Zhejiang Petroleum & Chemical Co. Ltd., also known as Zhejiang Petrochemical Co. Ltd. (ZPC), has completed installation of major equipment as part of the second phase of its 800,000-b/d integrated refining and petrochemical complex in Zhoushan, Zhejiang Province, China (OGJ Online, Nov. 6, 2018).
On June 10, China Petroleum & Chemical Corp. (Sinopec) subsidiary Sinopec Engineering Group Co. Ltd. installed what is now the world’s first and largest slurry-bed residue hydrogenation reactor at ZPC’s Zhoushan complex, Sinopec said.
The slurry-bed residue hydrogenation reactor forms the core of ZPC’s Phase 2 expansion, according to the service provider.

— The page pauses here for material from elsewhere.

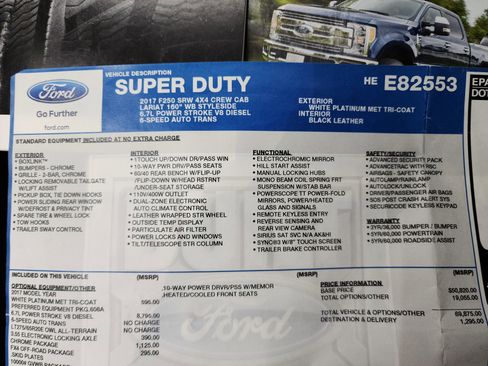 Used 2017 Ford F250 Lariat w/ Lariat Ultimate Package image 51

Designed by Sinopec Engineering, the single-unit hydrogenation reactor—which weighs 3,025 tonnes and stands 72 m tall—took 15 hours to install using a 5,200-tonnes slidable hydraulic gantry lifting system as well as a supporting crawler crane.
Sinopec said the same hydraulic gantry lifting system will now be relocated integrally to prepare for lifting and installation of the second hydrogenation reactor at the complex. A timeframe for installation of the second reactor, however, was not disclosed.
Earlier in the year, ZPC completed startup of a 1.4 million-tonnes/year ethylene plant—equipped with TechnipFMC PLC’s proprietary Ultra Selective Conversion (USC) U-coil ethylene technology for high energy efficiency and high yield—at the Zhousan refining and chemical integrated complex (OGJ Online, May 4, 2020).
Startup of the ethylene plant followed ZPC’s contract award to Honeywell UOP LLC in March to provide proprietary process technology and equipment for hydrogen purification and recovery to be installed as part of the Phase 2 development (OGJ Online, Mar. 12, 2020).
The first 400,000-b/d phase of ZPC’s complex was commissioned in late 2018, while Phase 2—which will nearly double processing and production capabilities at the site—is scheduled for commissioning during first-quarter 2021 (OGJ Online, Jan. 17, 2019).
ZPC—a joint venture of China-based Rongsheng Holding Group Co. Ltd. 51%, Juhua Investment Co. Ltd. 20%, Tongkun Investment Co. Ltd. 20%, and Zhoushan Marine Comprehensive Development and Investment Co. Ltd. 9%—previously said it would invest about 160 billion yuan to complete both phases of the project.
In late 2018, Saudi Aramco also signed a memorandum of understanding with ZPC to acquire ownership interest in the complex (OGJ Online, Oct. 26, 2018). As part of the agreement, Aramco agreed to purchase the government of Zhoushan’s 9% interest in the project, as well as provide long-term crude supplies to the complex, Aramco said in a Feb. 22, 2019, release.